塩土だけを切り離して考えると、「ミネラルが取れるから必要」「詰まるから危険」という二択になりがちです。実際には、インコの食事全体を整理したインコの餌と栄養の全体像の中で、主食やほかの鳥用サプリメントとの重なりまで確認する必要があります。

塩土とは|グリットとの違い

塩土は、赤土・塩・ボレー粉などを混ぜ、硫酸カルシウムで固めた鳥用の副食です。赤土の砂粒、ナトリウムを含む塩、牡蠣殻由来のカルシウム源が一つの固形物にまとめられているため、「ミネラル補給」と「グリット」の話が同じ商品名の下で混ざりやすくなります。

鳥くさいどっとこむは塩土を「赤土・塩・ボレー粉を硫酸カルシウム(石膏)で固めた鳥用の副食」と定義しています。小鳥の診療室では、カルシウム、リン、マグネシウム、マンガン、鉄などの補給目的も説明されています。ここで重要なのは、製品によって配合が異なるため、「塩土」という名前だけで摂取量や必要性を決められないことです。

不溶性グリットは、体内で溶けにくい砂粒や小石状の物質です。鳥の消化器では、そ嚢を通過した餌を細かくする筋胃に留まり、殻ごと飲み込んだ硬い食物の機械的な粉砕を助けます。一方、ボレー粉やカトルボーンは主にカルシウム源として扱うもので、消化用の砂利と同一ではありません。

種類主な材料・性質想定される目的主な注意点
塩土赤土、塩、ボレー粉、硫酸カルシウムなどミネラル補給、砂粒の摂取塩分、過食、汚れ、製品差
不溶性グリット砂、小石など溶けにくい粒子筋胃での機械的な粉砕インコ類では通常不要、過剰蓄積
ボレー粉加工した牡蠣殻カルシウム補給主食や産卵状況との重複、過剰摂取
カトルボーンイカの甲カルシウム補給、かじる対象摂取量の個体差、衛生管理

インコに塩土・グリットは必要か

セキセイインコオカメインコを含むインコ類では、消化のために塩土や不溶性グリットを一律に与える必要はありません。インコは種子を殻ごと飲み込まず、外皮を外して中身を食べるためです。殻を丸ごと飲み込む鳥と同じ飼育法を、そのまま当てはめないことが出発点になります。

VCA Animal Hospitalsは、ハトやキジバトが種子を丸ごと食べる一方で、「インコは食べる前に種子の殻を外す」と説明しています(VCAの食餌ガイド、原文英語)。この食べ方の差が、不溶性グリットの必要性を分けます。

さらに、Association of Avian Veterinariansは「ペットのインコにグリットや砂利を与える必要はありません」と明記しています(AAVのグリット解説、原文英語)。「鳥は砂肝があるから、どの鳥にも砂が必要」という説明は、鳥種ごとの食べ方を省略しています。

ただし、ここから「すべての鳥から、すべてのカルシウム源を外す」とは読み替えられません。
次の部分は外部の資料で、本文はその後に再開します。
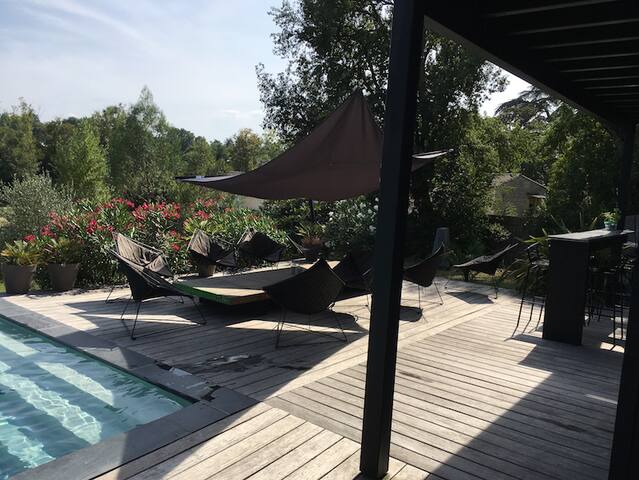 Large wooden house, July/August gallery image 3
塩土、不溶性グリット、ボレー粉、カトルボーンは役割が違います。慢性産卵が疑われる個体、治療中の個体、インコ類ではない鳥では判断が変わるため、鳥種と食事内容を鳥類の獣医療を提供できる獣医師へ伝えてください。

塩土を常設しないほうがよい3つの理由

塩土をケージへ入れっぱなしにすると、必要量を管理できず、砂状物質の過剰摂取、塩分の摂り過ぎ、衛生状態の悪化が重なりやすくなります。「好きでよく食べる」ことは、体が必要としている証明にはなりません。

砂状物質が消化管にたまる可能性

砂状物質の過剰摂取は、グリットインパクション、つまり砂や小石状の物質が消化管内にたまり、食物の通過を妨げる状態につながる可能性があります。AAVの解説では、砂状物質が消化管を満たして食物の通過を部分的に妨げるだけでなく、移動中や筋胃に留まる間に内壁を傷つける可能性も示されています。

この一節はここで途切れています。